Data under study:

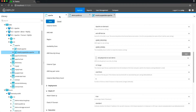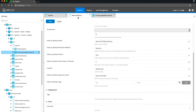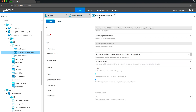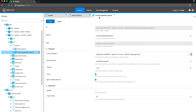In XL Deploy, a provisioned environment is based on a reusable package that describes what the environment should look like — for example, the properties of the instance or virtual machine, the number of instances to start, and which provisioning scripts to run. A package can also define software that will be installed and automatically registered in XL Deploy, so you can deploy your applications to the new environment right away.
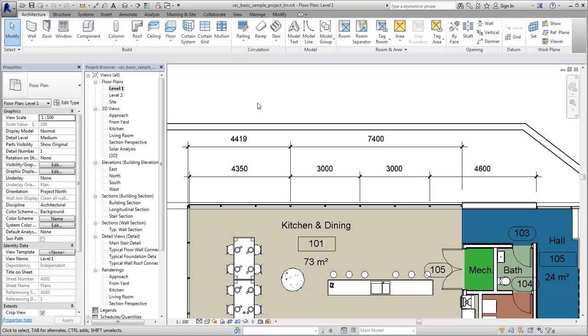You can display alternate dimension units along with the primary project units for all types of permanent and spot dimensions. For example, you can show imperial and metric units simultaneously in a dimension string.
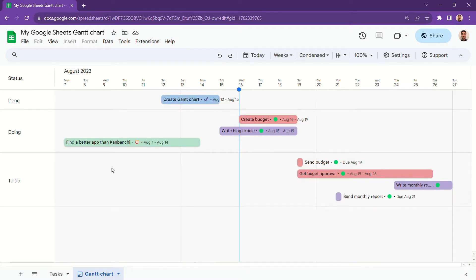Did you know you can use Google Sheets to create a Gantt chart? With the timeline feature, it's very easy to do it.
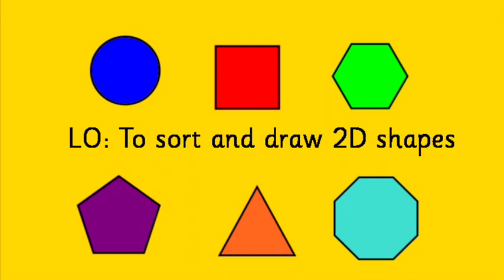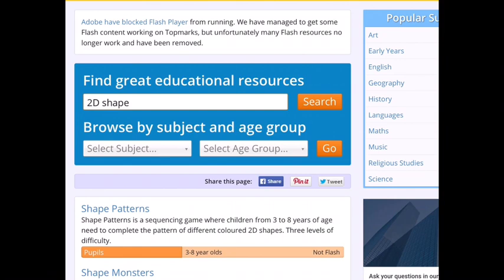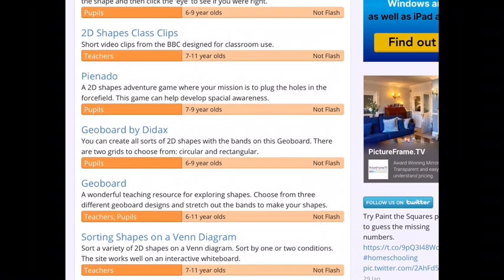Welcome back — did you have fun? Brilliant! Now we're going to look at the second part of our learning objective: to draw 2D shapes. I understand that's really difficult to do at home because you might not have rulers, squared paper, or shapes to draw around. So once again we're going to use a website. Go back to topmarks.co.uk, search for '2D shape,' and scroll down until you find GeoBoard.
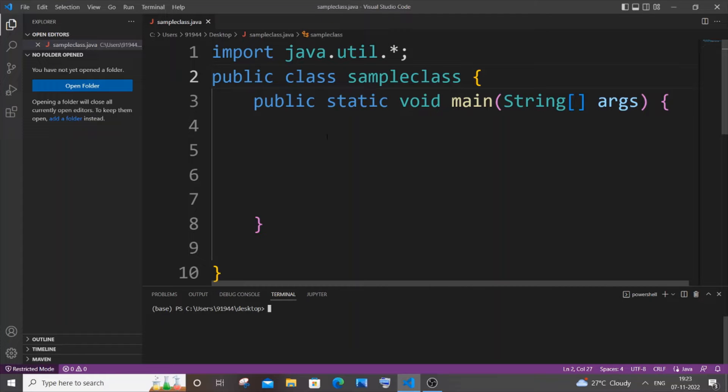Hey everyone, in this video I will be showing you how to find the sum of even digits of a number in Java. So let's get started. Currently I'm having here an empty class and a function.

---

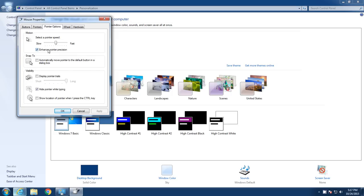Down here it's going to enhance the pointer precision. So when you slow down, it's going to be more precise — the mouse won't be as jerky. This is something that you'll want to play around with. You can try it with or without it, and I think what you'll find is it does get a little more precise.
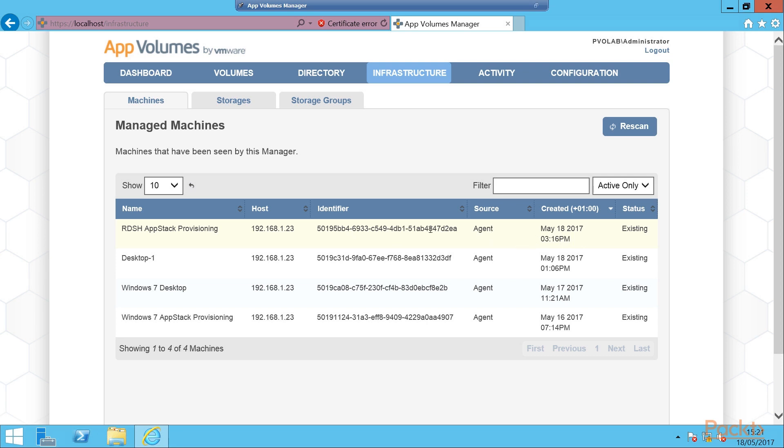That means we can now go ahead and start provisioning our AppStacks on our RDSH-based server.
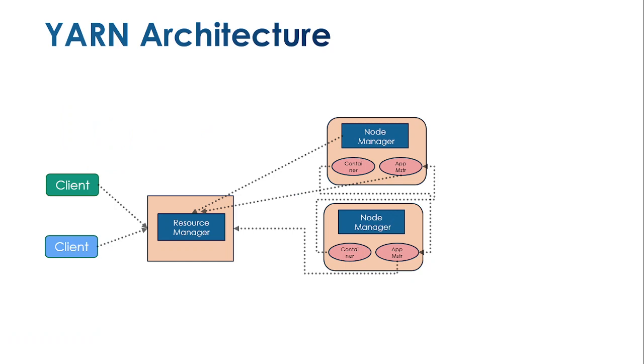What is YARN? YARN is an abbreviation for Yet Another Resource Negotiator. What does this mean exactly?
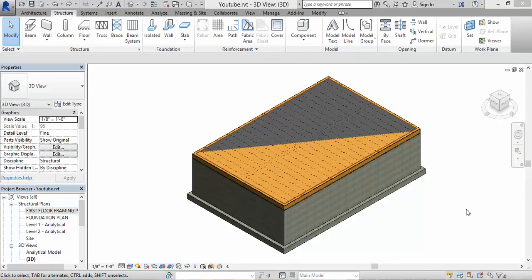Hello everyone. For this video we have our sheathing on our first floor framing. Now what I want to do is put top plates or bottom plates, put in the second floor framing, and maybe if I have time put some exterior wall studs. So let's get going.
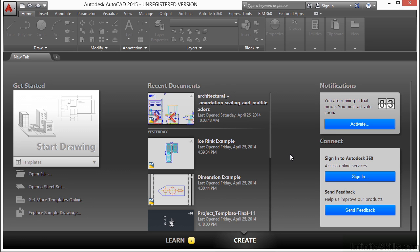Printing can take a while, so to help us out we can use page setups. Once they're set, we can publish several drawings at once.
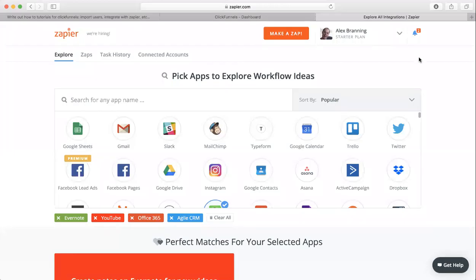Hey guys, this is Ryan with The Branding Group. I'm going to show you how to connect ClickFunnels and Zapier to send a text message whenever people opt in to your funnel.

Task description:
Beginning with the line above that contains "Printing can take" and ending with the line that contains "Hey guys, this", quote each line exactly, keeping out the pictures.

Exercise answer:
Printing can take a while, so to help us out we can use page setups. Once they're set, we can publish several drawings at once.
Hey guys, this is Ryan with The Branding Group. I'm going to show you how to connect ClickFunnels and Zapier to send a text message whenever people opt in to your funnel.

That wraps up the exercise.